Address
- 7622 US Highway 69 NorthESC Region 7 Pollok, Texas United States
- Coordinates: 31°25′45″N 94°48′52″W﻿ / ﻿31.4293°N 94.8144°W

District information
- Type: Public Independent school district
- Motto: Pride ... Passion ... Purpose
- Grades: EE through 12
- Superintendent: Justin Risner
- Schools: 4
- NCES District ID: 4813500

Students and staff
- Students: 1,525 (2023–2024)
- Teachers: 114.95 (on an FTE basis) (2023–2024)
- Staff: 156.46 (on an FTE basis) (2023–2024)
- Student–teacher ratio: 13.27 (2023–2024)
- Athletic conference: UIL Class AAA (non-football participant)
- District mascot: Bulldog

Other information
- Website: www.centralisd.com

= Central Independent School District =

School district in Texas, United States

Central Independent School District is a public school district based in the community of Pollok, Texas (USA). In addition to Central, a small portion goes into the city of Lufkin.

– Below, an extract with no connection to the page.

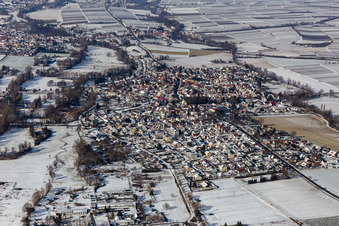 Winterluftbild im Schnee Billigheim in Billigheim-Ingenheim im Bundesland Rheinland-Pfalz, Deutschland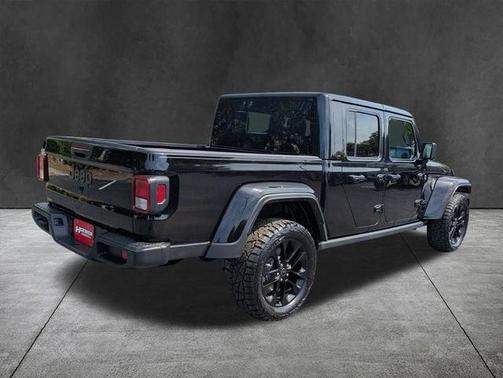 Black Clearcoat 2024 Jeep Gladiator Nighthawk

In 2009, the school district was rated "academically acceptable" by the Texas Education Agency.

==History==
Central Independent School District traces its origin to 1929 via the consolidation of five small schools that were located in the Pollok-Central area: Union, Durant, Pollok, Clawson and Allentown under the name Central Consolidated Common School District. By the 1939-1940 school year, the Cordaway Springs and Simpson schools had also merged with Central Consolidated. In 1955, Central converted from a Common School District to an Independent School District.

==Schools==
Central ISD has three campuses - Central High (Grades 9-12), Central Junior High (Grades 5-8), and Central Elementary (Grades EE-4). Two campuses, along with the administration building, are located at one campus on U.S. Highway 69N approximately seven miles north of Lufkin, Texas.
The third campus, a new elementary building, is located just 1/2 mile north on HWY 69.